I'm sending our wedding album to my new Lola in the Philippines. Unfortunately, she could not fly to the wedding (she's over 80 yo) To show my much respect to my husband's family and culture, it would be great to attach a letter to her in Tagalog. I never knew my grandmas, so I'm greatful to have her in my life and my future children's. My husband understands it, but can't speak or write it. We are slowly learning together now, but a letter is too advance at the moment.  I would really appreciate the help on any of the sentences. Please feel free to condense or change. Direct translation is not needed. Maraming Salamat Po!!! --RJ

1) Our dearest Lola
2) We would like to share our favorite moments of our wedding day with you.
3) We feel honored to continue the legacy you and Lolo have started.
4) May we build a family with as much unity and love. 
5) With Love


----------



## ShroomS

Hello there octoberbride! First of all, Congratulations! And I wish you a happy married life.
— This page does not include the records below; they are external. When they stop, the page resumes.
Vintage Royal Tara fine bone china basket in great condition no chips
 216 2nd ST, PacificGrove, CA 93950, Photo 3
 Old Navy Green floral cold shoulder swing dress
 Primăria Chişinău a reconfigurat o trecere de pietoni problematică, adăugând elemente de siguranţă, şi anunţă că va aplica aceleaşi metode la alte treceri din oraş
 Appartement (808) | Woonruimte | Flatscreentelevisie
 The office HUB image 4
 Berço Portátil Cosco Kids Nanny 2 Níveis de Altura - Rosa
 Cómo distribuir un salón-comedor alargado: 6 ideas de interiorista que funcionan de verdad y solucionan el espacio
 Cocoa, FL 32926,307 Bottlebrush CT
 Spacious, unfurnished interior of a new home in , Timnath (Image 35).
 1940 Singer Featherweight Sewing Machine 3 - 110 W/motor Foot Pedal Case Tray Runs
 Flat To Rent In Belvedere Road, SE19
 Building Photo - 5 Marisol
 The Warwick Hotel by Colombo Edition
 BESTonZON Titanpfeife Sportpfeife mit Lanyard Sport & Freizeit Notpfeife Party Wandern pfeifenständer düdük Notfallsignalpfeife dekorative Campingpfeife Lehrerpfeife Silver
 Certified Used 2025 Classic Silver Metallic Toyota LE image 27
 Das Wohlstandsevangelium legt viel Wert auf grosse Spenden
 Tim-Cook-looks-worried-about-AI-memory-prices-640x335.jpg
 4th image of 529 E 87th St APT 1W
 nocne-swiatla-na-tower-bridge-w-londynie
Anyway, regarding the translation, I'll try not to stray too far from the original message... So here goes:

 1) Pinakamamahal naming Lola
 2) Nais po naming mag-asawang ibahagi sa inyo ang mga paborito naming mga sandali noong araw ng aming kasal.
 3) Ikinararangal po naming maipagpatuloy ang mga nasimulan ninyo ng Lolo.
 4) Nawa'y makabuo rin kami ng pamilyang nagkakaisa at nagmamahalan na tulad ng sa inyo.
 5) Nagmamahal (this translates literally to "lovingly")

 Hope this helps. Cheers.


----------



## octoberbride

ShroomS- Thank you so much. I truly appreciate your time and help. I can see that the translation is way beyond our knowledge of Tagalog.  Your reply just made my day and hopefully impress my family. Well, off to LBC.
Maraming Salamat Po again!!--RJ


----------



## ShroomS

Walang anuman (Welcome), RJ. Glad I could help. Well, good luck and I too hope that you'd get a positive reaction. God Bless.


----------